→ **What you will do**
Please quote exactly the lines below from the line containing "Low Dome Clear" to the line containing "Sims 4 Key Wire Bracelet Set by feyona", both lines included, and nothing else.
*** Opening of Provided entries ***
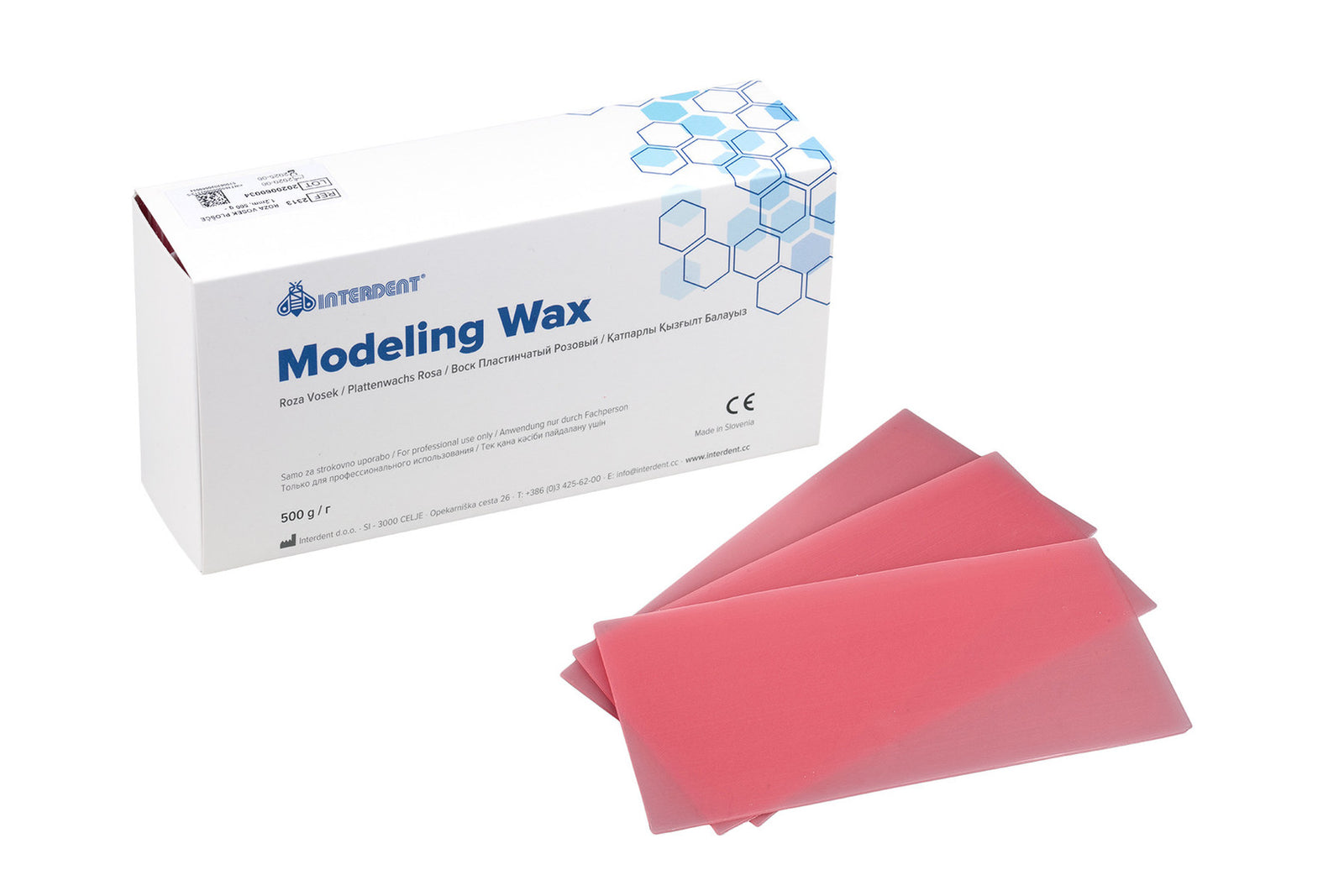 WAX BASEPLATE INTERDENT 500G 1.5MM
*** Close of Provided entries ***
*** Opening of Provided entries ***
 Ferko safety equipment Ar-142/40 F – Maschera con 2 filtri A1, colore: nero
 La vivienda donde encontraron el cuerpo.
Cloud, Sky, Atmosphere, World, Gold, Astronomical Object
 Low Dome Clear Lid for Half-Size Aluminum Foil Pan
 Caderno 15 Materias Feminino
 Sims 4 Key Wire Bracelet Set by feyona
*** Close of Provided entries ***
→ **Output for this task**
 Low Dome Clear Lid for Half-Size Aluminum Foil Pan
 Caderno 15 Materias Feminino
 Sims 4 Key Wire Bracelet Set by feyona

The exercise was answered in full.